Junior Vandeross III

Profile
- Position: Wide receiver

Personal information
- Born: September 12, 2003 (age 23) Tampa, Florida, U.S.
- Listed height: 5 ft 8 in (1.73 m)
- Listed weight: 182 lb (83 kg)

Career information
- High school: Jesuit (Tampa)
- College: Toledo (2022–2025)
- NFL draft: 2026: undrafted

Awards and highlights
- 2× First-team All-MAC (2024, 2025); 2024 GameAbove Sports Bowl MVP;
- Stats at ESPN

= Junior Vandeross III =

American football player (born 2003)

Jessie Lee Vandeross III (born September 12, 2003) is an American professional football wide receiver. He played college football for the Toledo Rockets and went undrafted in the 2026 NFL draft.

==Early life==
Vandeross was born on September 12, 2003, in Tampa, Florida. He attended Jesuit High School in Tampa and helped them to an undefeated record and state title in his senior year. Along with primarily playing wide receiver, he also played cornerback and returned punts. A three-star recruit according to 247Sports, he committed to Toledo prior to his senior season over nine other offers from schools including Iowa, Iowa State, Kentucky, Louisville, and UCF.

==College career==
Vandeross contributed mainly on special teams in his first year. He began contributing as a wide receiver during his second year and after. After his junior season in 2024, he was named First-team All-MAC.
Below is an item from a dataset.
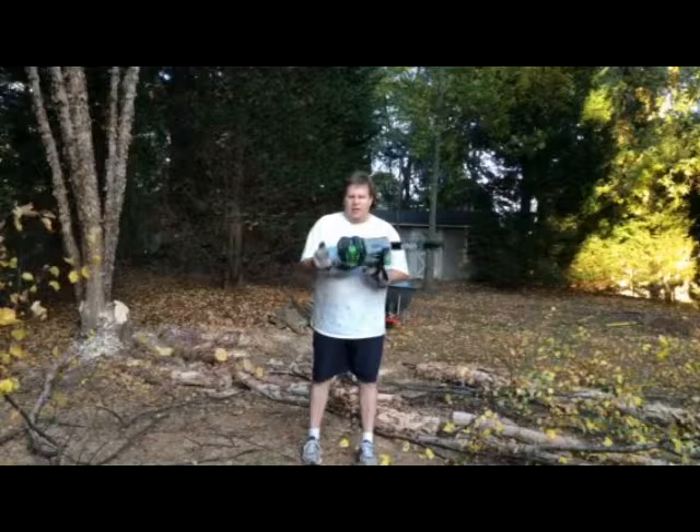As you can see I've pretty much cut up a large portion of this river birch. I hope you've enjoyed seeing how quickly and easily the Ego chainsaw works.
Prior to the start of the 2025 season, Vandeross was named to the Biletnikoff Award watchlist. He was also one of five Rockets named to the preseason East-West Shrine Bowl watchlist. He was again named First-team All-MAC and opted to play in The American Bowl after the season.

==Professional career==

Vandeross went undrafted in the 2026 NFL draft. He was not signed by any team after the draft. On May 8, 2026, he accepted an invite to the Tampa Bay Buccaneers minicamp on a tryout basis.

Pre-draft measurables
| Height | Weight | Arm length | Hand span | Wingspan | 40-yard dash | 10-yard split | 20-yard split | 20-yard shuttle | Three-cone drill | Vertical jump | Broad jump |
| 5 ft 7+7⁄8 in (1.72 m) | 180 lb (82 kg) | 31+5⁄8 in (0.80 m) | 9+1⁄8 in (0.23 m) | 6 ft 0 in (1.83 m) | 4.66 s | 1.55 s | 2.51 s | 4.50 s | 7.13 s | 31+1⁄2 in (0.80 m) | 9 ft 5 in (2.87 m) |
All values from Pro Day

==Personal life==
Vandeross was born to Denis Lopez and Nina Vandeross. He has one brother and one sister. His father died when he was only three years old of a heart attack and he credits his mother with instating a hardworking spirit in him.

==Legal Issues==
On July 4, 2025, Vandeross was arrested for assault and domestic violence (both misdemeanors) after reportedly strangling and shoving the mother of his newborn child into a wall. There was subsequent pending hearings to seal the case records, but he failed to appear in court on February 2, 2026, and a bench warrant was issued. A spokesperson from the University of Toledo declined to comment on the situation. His pretrial date is set for July 7, 2026.